About this exercise => Copy each line below exactly as it appears. Pictures are to be omitted.

Data supplied =>
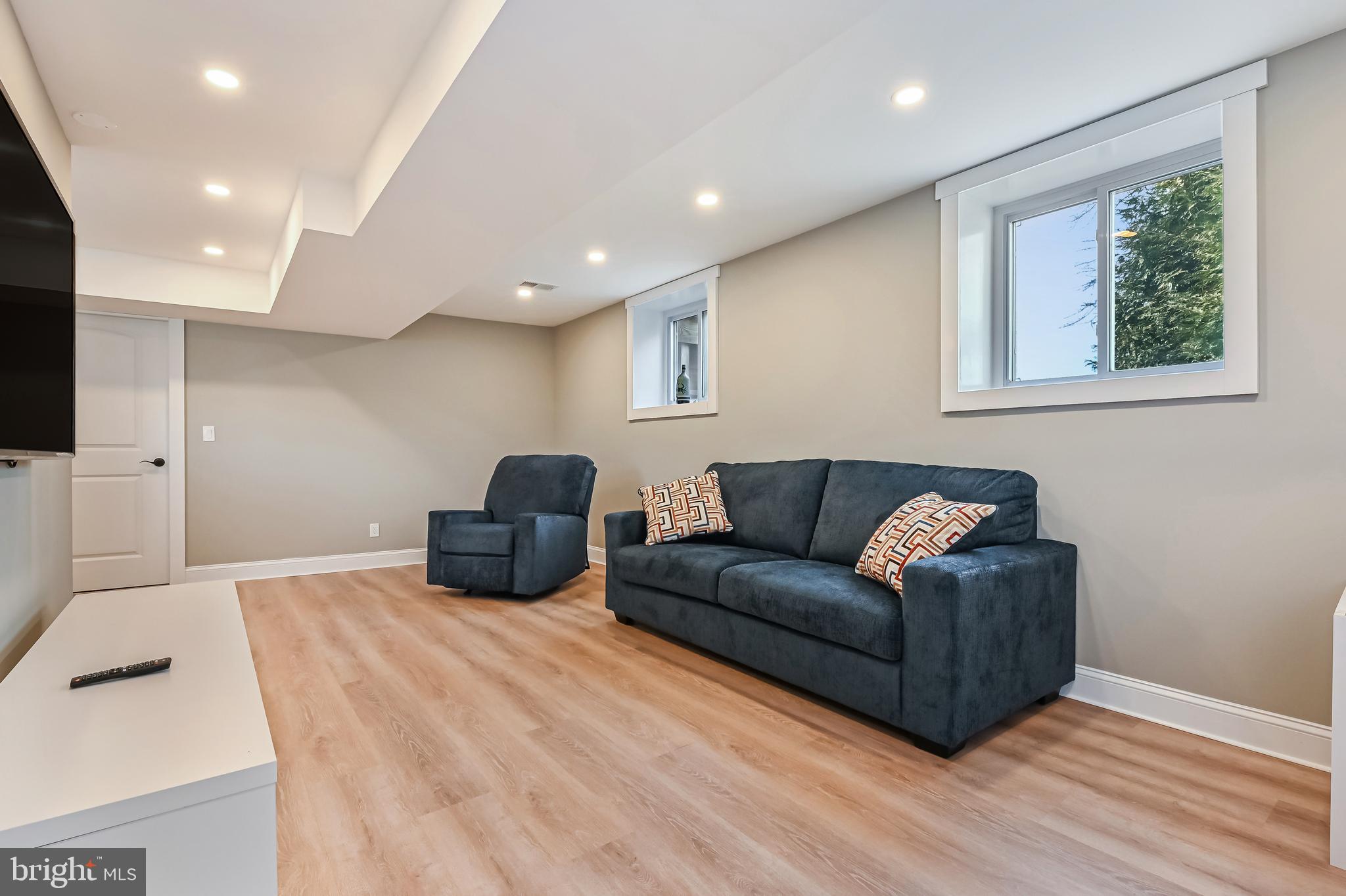 LOCH HAVEN - Residential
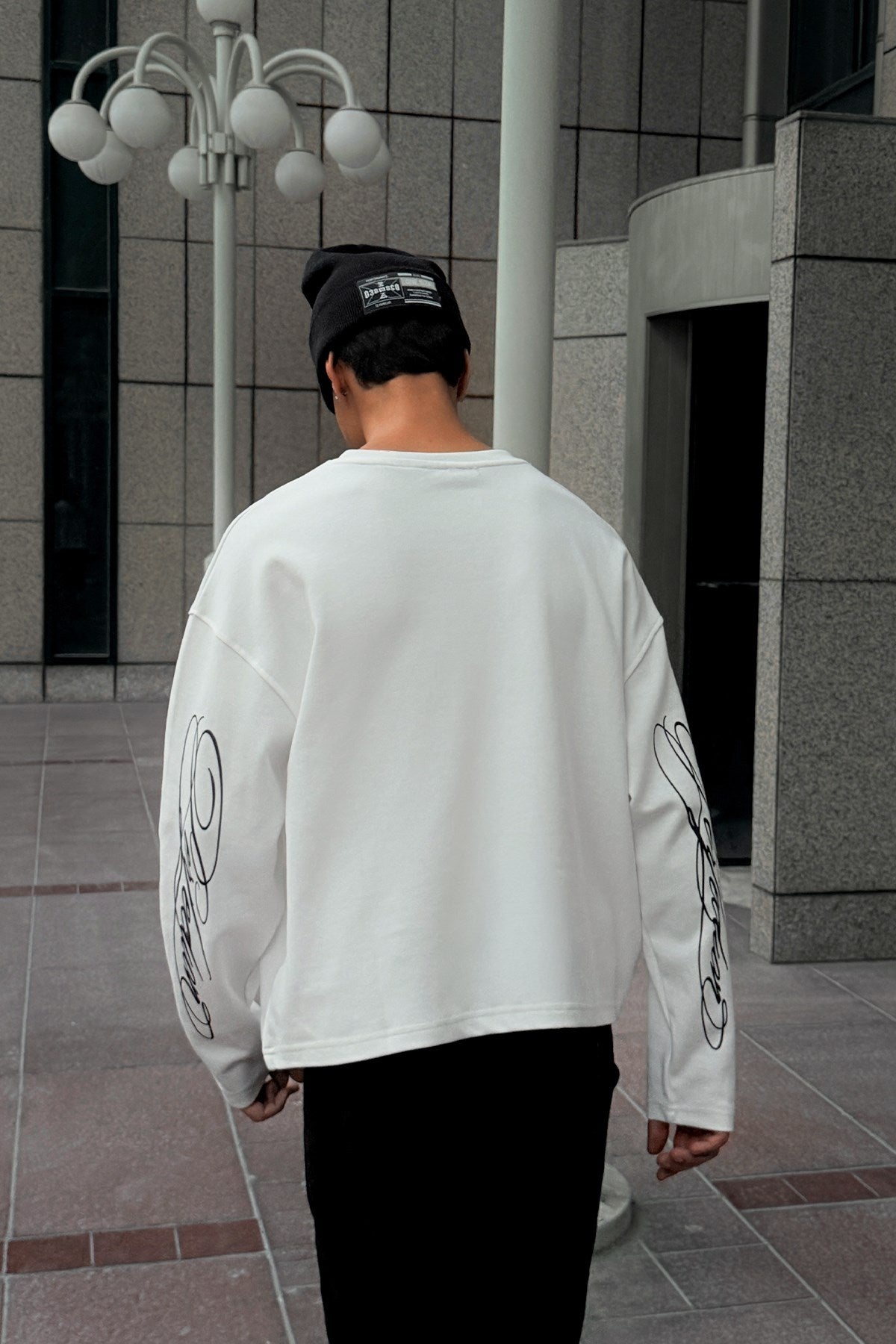 Curved Printed Boxy Fit Long-Sleeve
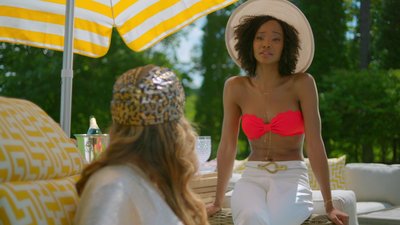 Вакима Холлис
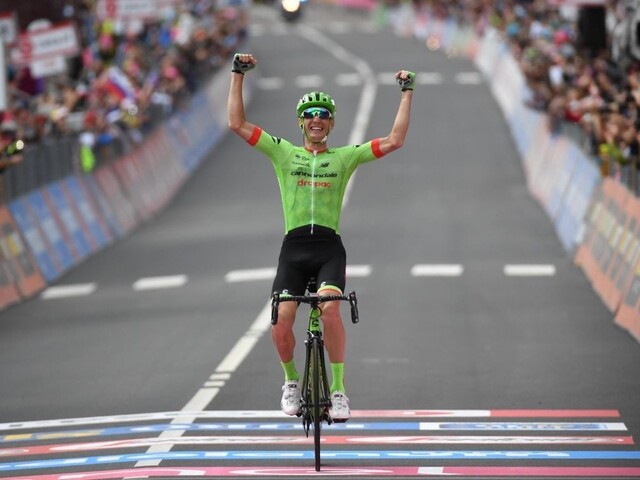 Rolland na Gire s prvým triumfom, Dumoulin naďalej v ružovom
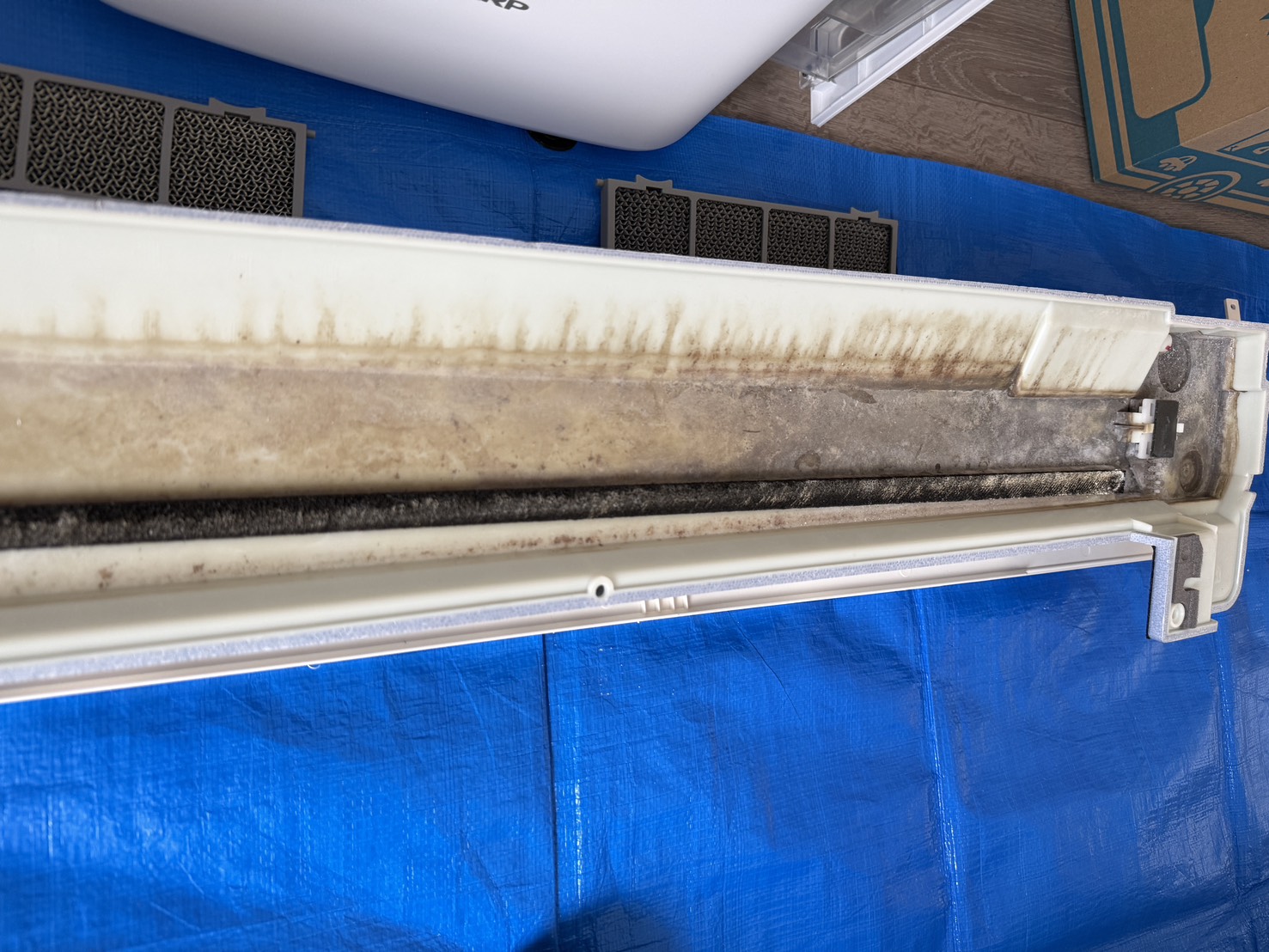 東京都豊島区東池袋の家庭用天井埋め込みエアコンの作業前1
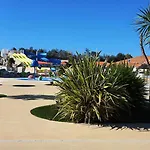 Holiday home Mobilhome 2ch Recent Et Climatise-terrasse Fermee-jardin Sans Vis A Vis-camping 4 Etoiles Les Charmettes *
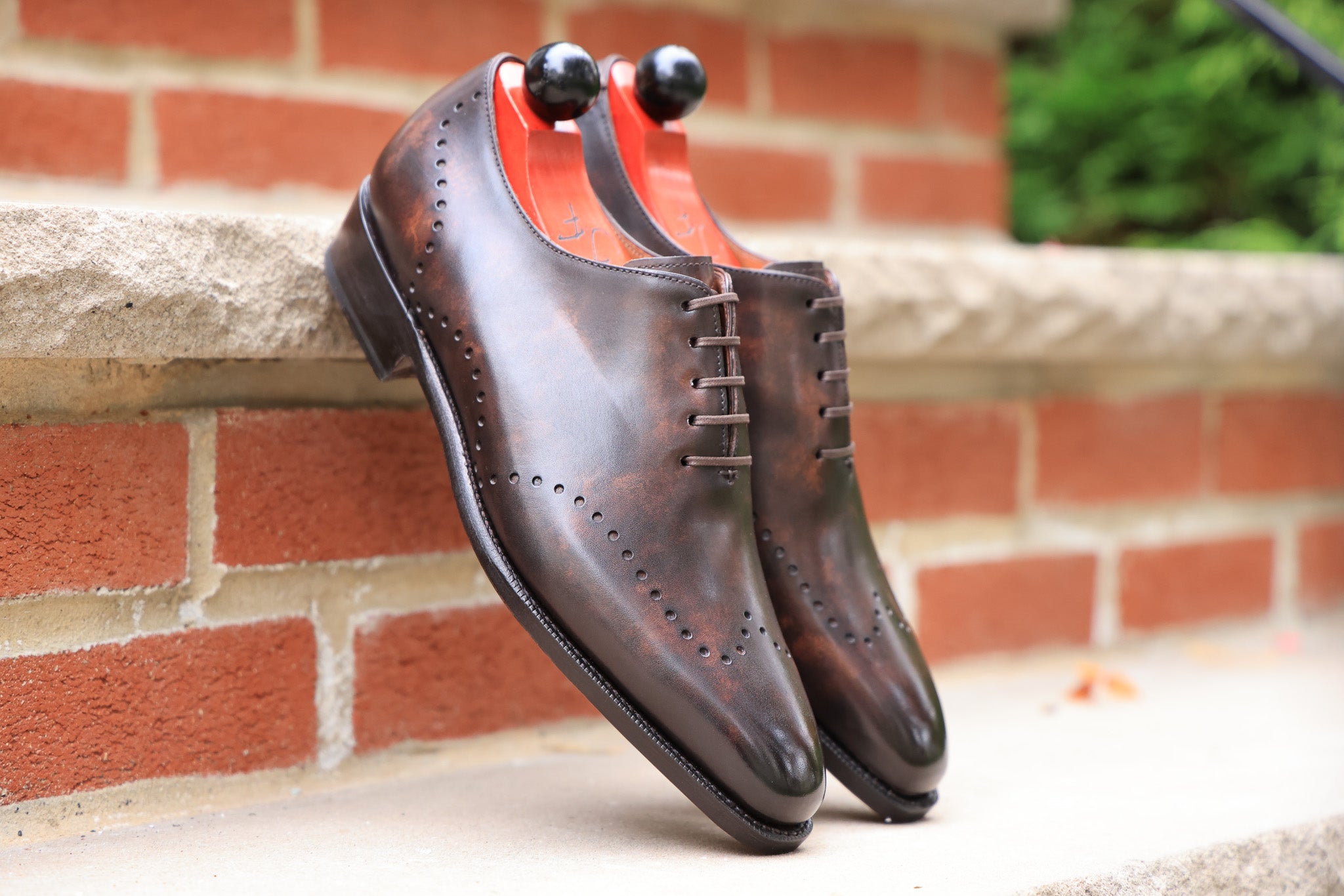 Tony II - Dark Brown Marble Patina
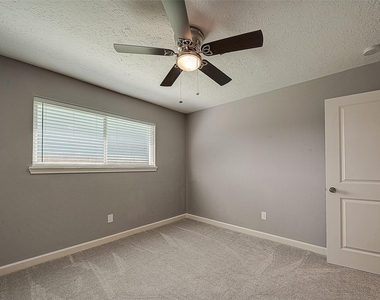 1623 Cherry Ridge Drive - Photo Thumbnail 17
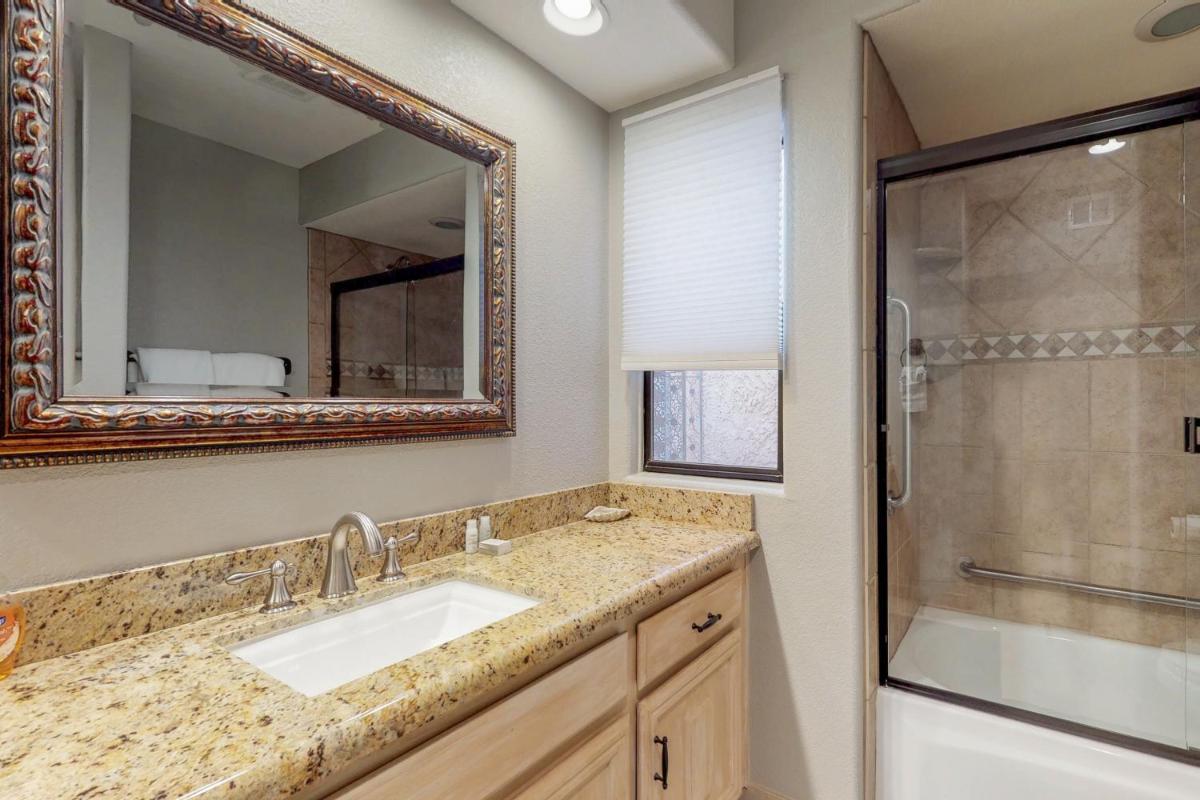 McCormick Lakeside Retreat - image 7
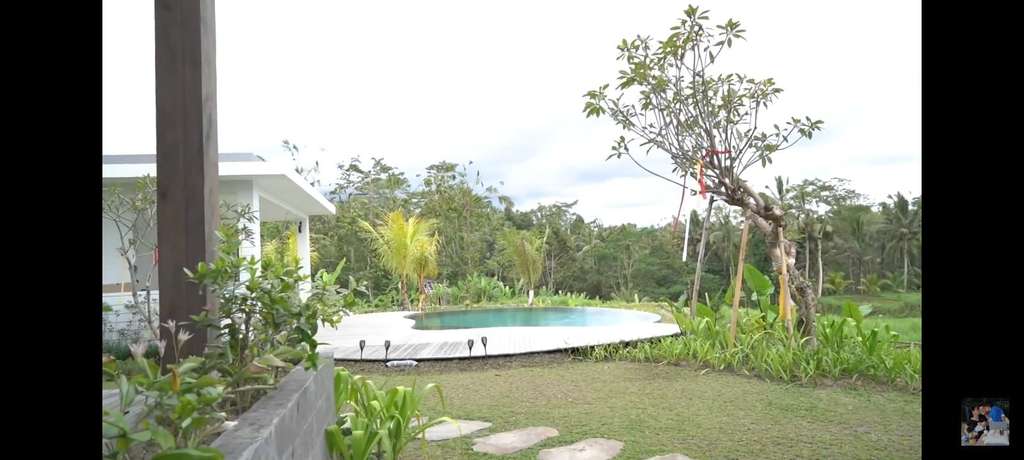 Potret Vila Mewah Milik Ayah Christian Sugiono di Bali, Meski Mepet Sawah Tapi Desainnya Super Modern!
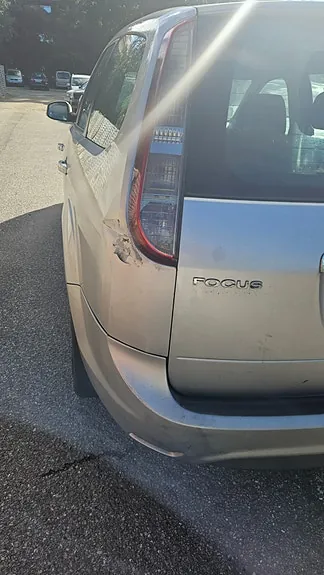 Ford Focus 2009 photo 2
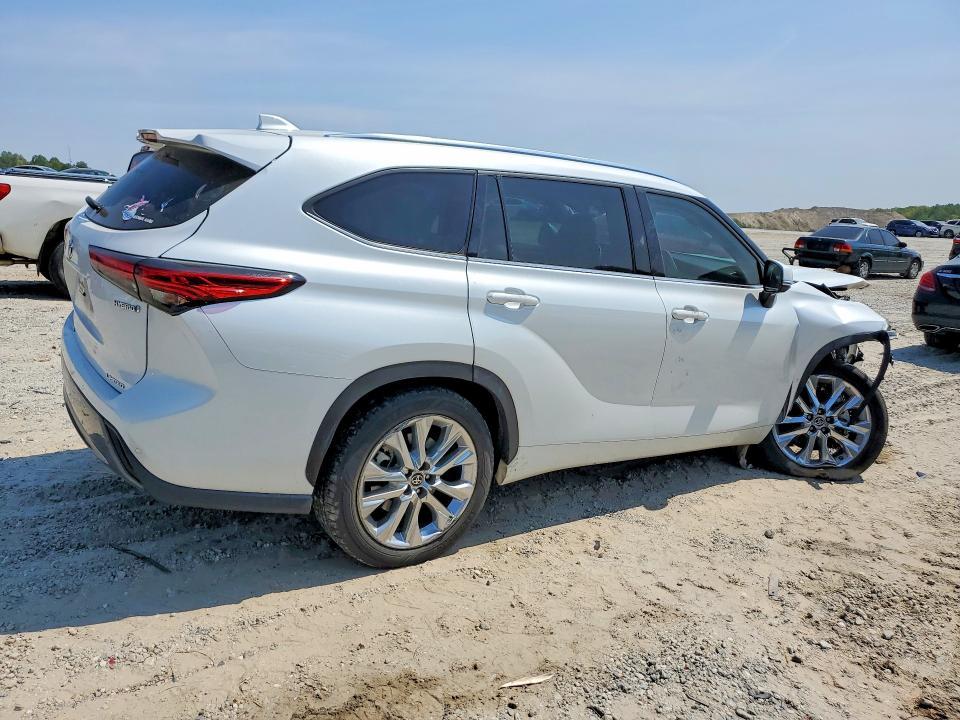 2022 Toyota Highlander Hybrid Limited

Exercise output =>
 LOCH HAVEN - Residential
 Curved Printed Boxy Fit Long-Sleeve
 Вакима Холлис
 Rolland na Gire s prvým triumfom, Dumoulin naďalej v ružovom
 東京都豊島区東池袋の家庭用天井埋め込みエアコンの作業前1
 Holiday home Mobilhome 2ch Recent Et Climatise-terrasse Fermee-jardin Sans Vis A Vis-camping 4 Etoiles Les Charmettes *
 Tony II - Dark Brown Marble Patina
 1623 Cherry Ridge Drive - Photo Thumbnail 17
 McCormick Lakeside Retreat - image 7
 Potret Vila Mewah Milik Ayah Christian Sugiono di Bali, Meski Mepet Sawah Tapi Desainnya Super Modern!
 Ford Focus 2009 photo 2
 2022 Toyota Highlander Hybrid Limited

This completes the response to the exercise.